◆ Assignment
A faithful copy of the data is what is wanted, minus any pictures.

◆ Recorded information
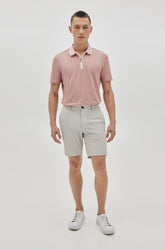 Short pour homme par Robert Barakett | Lomita RB11057 Beige | Machemise.ca, vêtements mode pour hommes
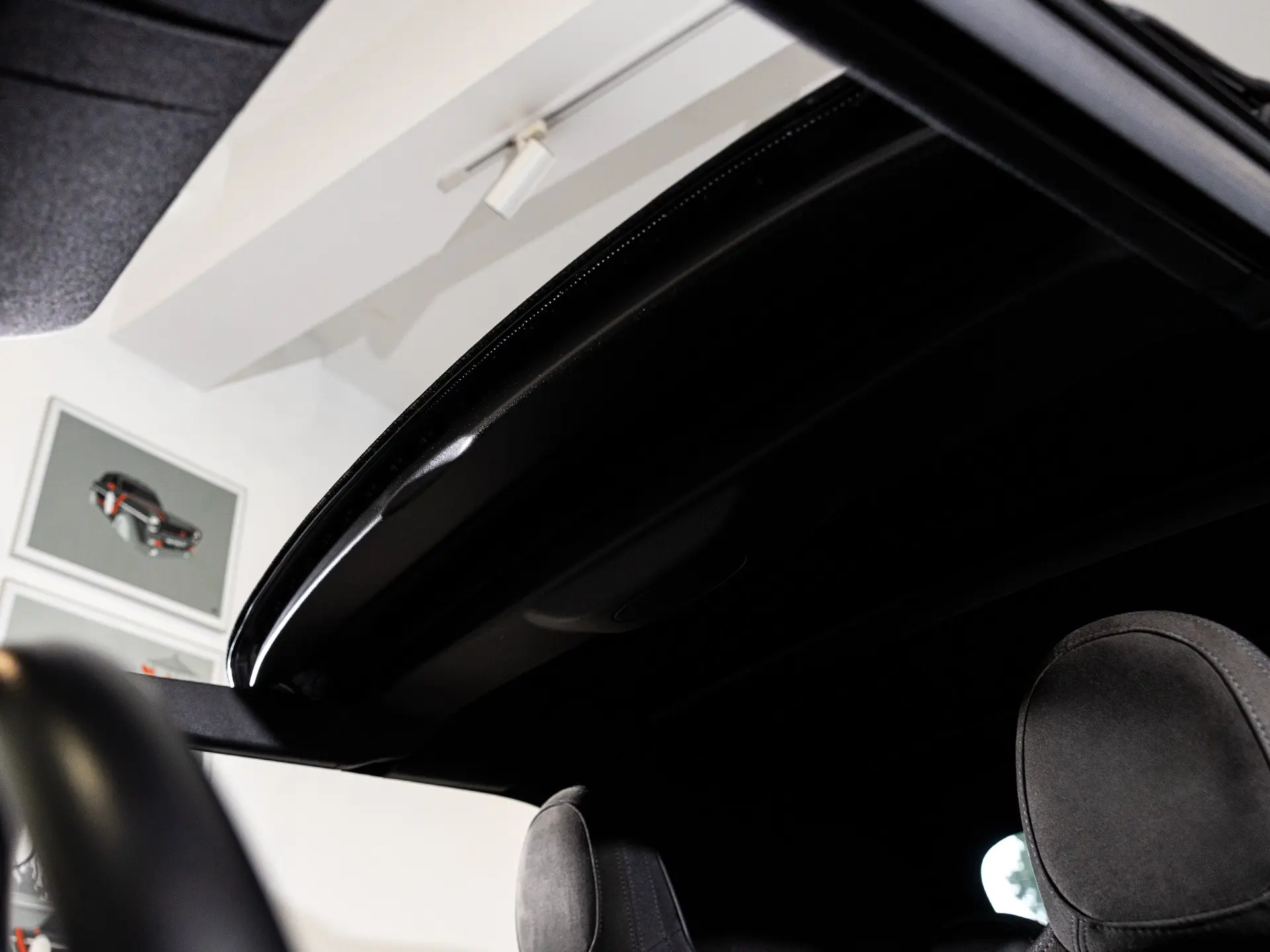 MINI Cabrio Cooper Premium Extra JCW Auto 28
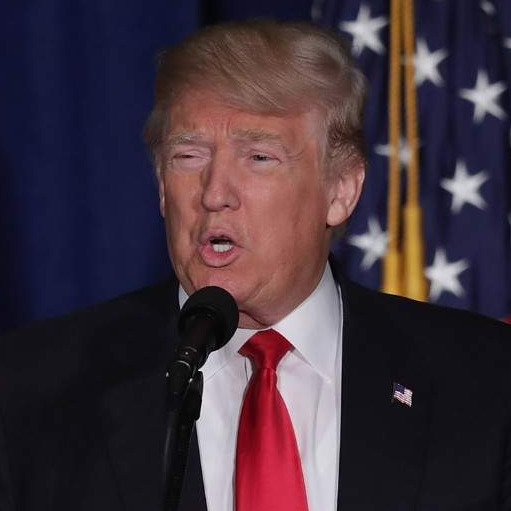 Republikanski senator Trumpu: Molimo te, prestani, ovo nije normalno!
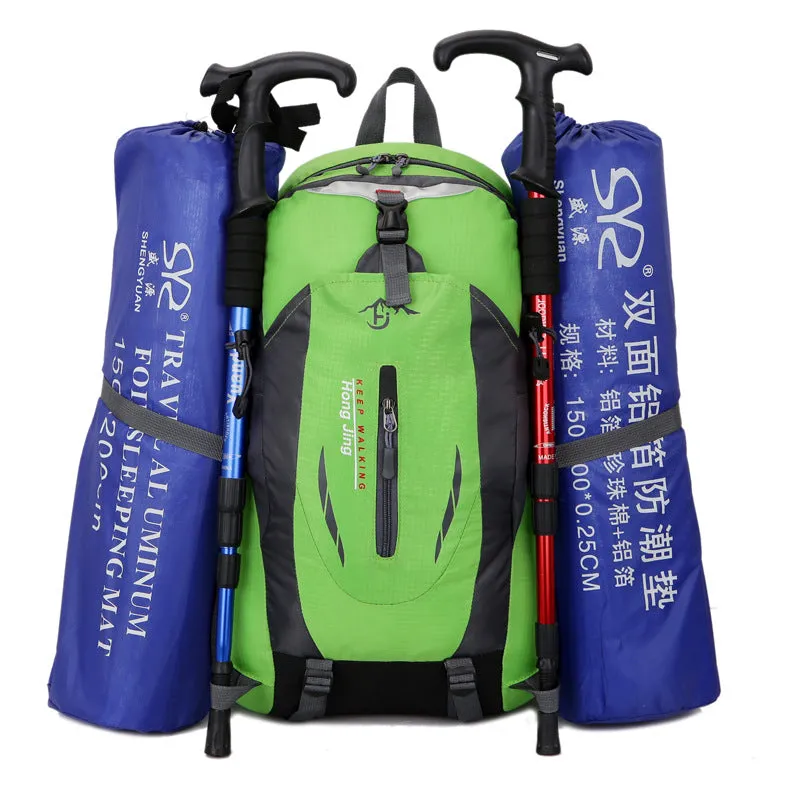 Sport Outdoor Swagger Bag Polyamides and Nylon Backpack for hiking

◆ Solution to this exercise
 Short pour homme par Robert Barakett | Lomita RB11057 Beige | Machemise.ca, vêtements mode pour hommes
 MINI Cabrio Cooper Premium Extra JCW Auto 28
 Republikanski senator Trumpu: Molimo te, prestani, ovo nije normalno!
 Sport Outdoor Swagger Bag Polyamides and Nylon Backpack for hiking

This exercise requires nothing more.